> _REQUIRED WORK_: An exact copy of the data is required. No picture may appear in it.

> _GIVEN DATA_:
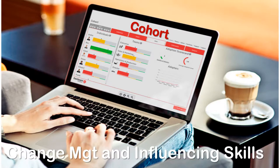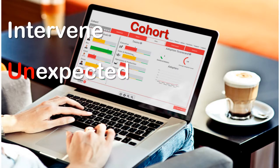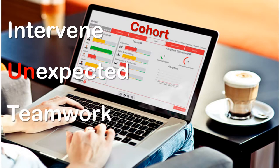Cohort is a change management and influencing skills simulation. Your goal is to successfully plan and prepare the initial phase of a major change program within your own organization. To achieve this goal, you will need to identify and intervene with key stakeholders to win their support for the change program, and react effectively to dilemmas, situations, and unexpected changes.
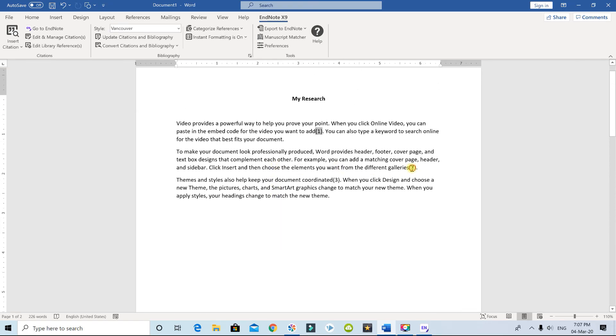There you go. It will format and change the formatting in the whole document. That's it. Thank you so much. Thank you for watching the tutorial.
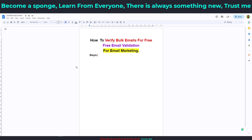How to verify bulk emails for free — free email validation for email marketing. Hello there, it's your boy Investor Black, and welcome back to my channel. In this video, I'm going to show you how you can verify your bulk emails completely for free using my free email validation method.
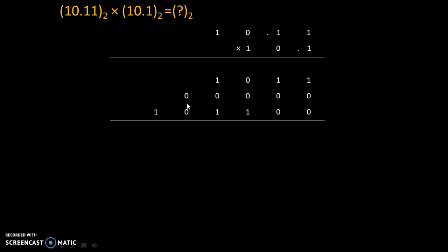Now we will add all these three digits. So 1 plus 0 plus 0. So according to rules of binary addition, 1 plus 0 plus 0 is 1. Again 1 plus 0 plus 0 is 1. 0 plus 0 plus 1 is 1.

> _COMPLETED EXERCISE_:
Cohort is a change management and influencing skills simulation. Your goal is to successfully plan and prepare the initial phase of a major change program within your own organization. To achieve this goal, you will need to identify and intervene with key stakeholders to win their support for the change program, and react effectively to dilemmas, situations, and unexpected changes.
There you go. It will format and change the formatting in the whole document. That's it. Thank you so much. Thank you for watching the tutorial.
How to verify bulk emails for free — free email validation for email marketing. Hello there, it's your boy Investor Black, and welcome back to my channel. In this video, I'm going to show you how you can verify your bulk emails completely for free using my free email validation method.
Now we will add all these three digits. So 1 plus 0 plus 0. So according to rules of binary addition, 1 plus 0 plus 0 is 1. Again 1 plus 0 plus 0 is 1. 0 plus 0 plus 1 is 1.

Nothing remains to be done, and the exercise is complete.